At the heart of the region is possibly its most famous wine Chianti Classico, which has recently been granted separate designation of origin, the historical central area of Tuscany between Florence and Siena. It was with this region , 150 years ago, that Baron Ricasoli developed his recipe for Chianti. Ricasoli specified that the wine should consist of a blend of 70% Sangiovese, 15% Canaiolo Nero, 10% white Trebbiano Toscano and 5% other grape varieties. The wine was blended to give Sangiovese more colour and flavour and also making it more drinkable when young.

Nowadays Riscolis recipe is obsolete, new talented wine growers are getting better quality and character from Sangiovese alone, therefore the wine no longer needs so many constituents to its blends.

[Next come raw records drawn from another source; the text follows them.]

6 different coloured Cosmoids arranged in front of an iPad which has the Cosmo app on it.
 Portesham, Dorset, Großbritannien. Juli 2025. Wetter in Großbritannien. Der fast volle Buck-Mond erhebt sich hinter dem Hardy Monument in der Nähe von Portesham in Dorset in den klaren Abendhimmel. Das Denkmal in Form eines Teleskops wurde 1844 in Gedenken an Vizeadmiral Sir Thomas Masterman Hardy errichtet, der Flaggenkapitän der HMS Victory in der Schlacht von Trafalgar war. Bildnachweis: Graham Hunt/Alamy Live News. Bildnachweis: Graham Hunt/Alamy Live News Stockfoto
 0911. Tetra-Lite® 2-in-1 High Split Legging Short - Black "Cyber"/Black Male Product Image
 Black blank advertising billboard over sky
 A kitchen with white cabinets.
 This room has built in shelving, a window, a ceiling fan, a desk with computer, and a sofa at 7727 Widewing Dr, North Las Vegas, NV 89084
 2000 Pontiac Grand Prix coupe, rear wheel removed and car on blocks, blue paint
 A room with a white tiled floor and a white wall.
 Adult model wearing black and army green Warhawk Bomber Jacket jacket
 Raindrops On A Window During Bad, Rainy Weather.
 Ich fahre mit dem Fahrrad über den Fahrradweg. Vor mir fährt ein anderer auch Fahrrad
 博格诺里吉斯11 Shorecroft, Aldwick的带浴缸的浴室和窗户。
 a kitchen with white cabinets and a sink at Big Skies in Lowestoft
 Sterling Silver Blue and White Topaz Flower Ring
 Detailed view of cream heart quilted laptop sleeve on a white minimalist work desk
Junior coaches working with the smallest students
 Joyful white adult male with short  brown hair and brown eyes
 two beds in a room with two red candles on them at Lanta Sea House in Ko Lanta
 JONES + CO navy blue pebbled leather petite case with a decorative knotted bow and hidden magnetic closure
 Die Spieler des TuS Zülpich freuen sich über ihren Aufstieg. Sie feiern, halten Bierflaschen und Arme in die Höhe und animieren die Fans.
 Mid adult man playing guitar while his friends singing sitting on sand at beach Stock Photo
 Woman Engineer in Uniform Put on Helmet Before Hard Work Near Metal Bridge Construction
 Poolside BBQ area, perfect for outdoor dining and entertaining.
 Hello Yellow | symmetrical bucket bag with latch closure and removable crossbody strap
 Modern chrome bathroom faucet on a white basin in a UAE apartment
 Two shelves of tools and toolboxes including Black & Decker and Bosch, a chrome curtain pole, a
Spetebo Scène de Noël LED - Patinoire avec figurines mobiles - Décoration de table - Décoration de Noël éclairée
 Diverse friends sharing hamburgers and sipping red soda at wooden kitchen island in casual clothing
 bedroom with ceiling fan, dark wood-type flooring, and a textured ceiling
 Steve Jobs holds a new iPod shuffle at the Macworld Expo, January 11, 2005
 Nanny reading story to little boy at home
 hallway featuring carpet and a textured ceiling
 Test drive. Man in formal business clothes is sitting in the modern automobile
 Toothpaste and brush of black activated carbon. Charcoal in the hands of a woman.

Today varieties such as Cabernet, Shiraz and Merlot are used in Chianti blends.

Modern Chianti Classico has great finesse and an ideal match to the cuisine of Tuscany. The names given to the wine and the grape varieties used within it are now set out in legally defined zones of the Chianti region and are all very different.  One of the most famous zones is that of Chianti Rufina which is produced in a small wine growing region to the east of Florence. When new these wines have much more acidity than Chianti Classico, but have very good ageing potential.

Other notable wines produced in the Chianti region include Colli Fiorentini (near Florence), Colli Aretini (near Arezzo), Colli Senesi (large area near Siena), Colline Pisane (near Pisa), Montalbano (west of Florence, where Carmignano is also produced) and Montespertoli (a new region near the town of the same name. Most of these wines are of notable quality to Chianti Classico.